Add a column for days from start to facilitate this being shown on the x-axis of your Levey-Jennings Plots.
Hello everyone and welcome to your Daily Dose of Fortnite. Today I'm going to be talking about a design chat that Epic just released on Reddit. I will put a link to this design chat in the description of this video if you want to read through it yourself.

...

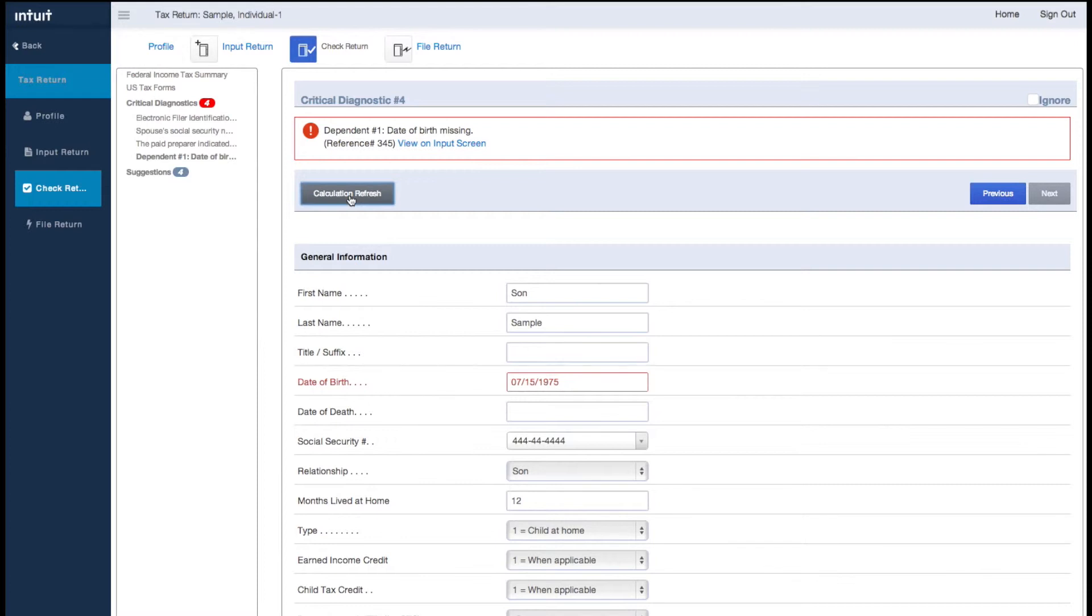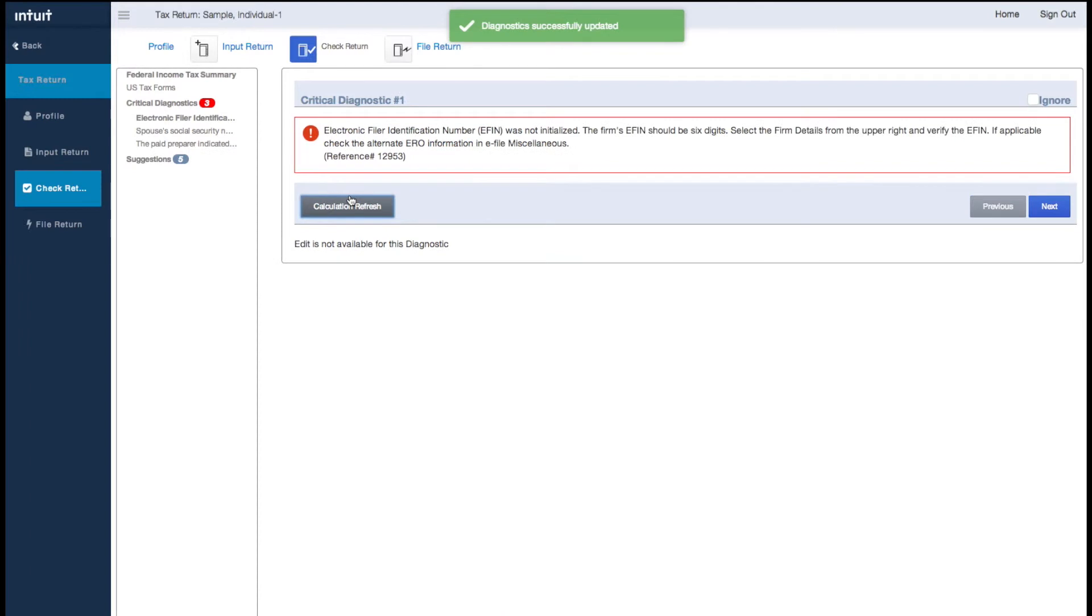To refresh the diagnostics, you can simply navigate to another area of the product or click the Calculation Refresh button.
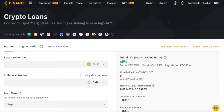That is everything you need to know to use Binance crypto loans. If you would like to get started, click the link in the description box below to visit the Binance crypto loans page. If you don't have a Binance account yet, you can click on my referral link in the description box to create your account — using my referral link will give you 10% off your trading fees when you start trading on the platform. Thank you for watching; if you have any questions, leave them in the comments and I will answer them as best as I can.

==

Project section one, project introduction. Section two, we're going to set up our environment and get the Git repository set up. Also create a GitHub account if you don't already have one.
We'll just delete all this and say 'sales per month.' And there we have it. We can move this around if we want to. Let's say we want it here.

__Task brief__:
Of the records above, copy each line that includes "this".

__Completed task__:
Add a column for days from start to facilitate this being shown on the x-axis of your Levey-Jennings Plots.
Hello everyone and welcome to your Daily Dose of Fortnite. Today I'm going to be talking about a design chat that Epic just released on Reddit. I will put a link to this design chat in the description of this video if you want to read through it yourself.
We'll just delete all this and say 'sales per month.' And there we have it. We can move this around if we want to. Let's say we want it here.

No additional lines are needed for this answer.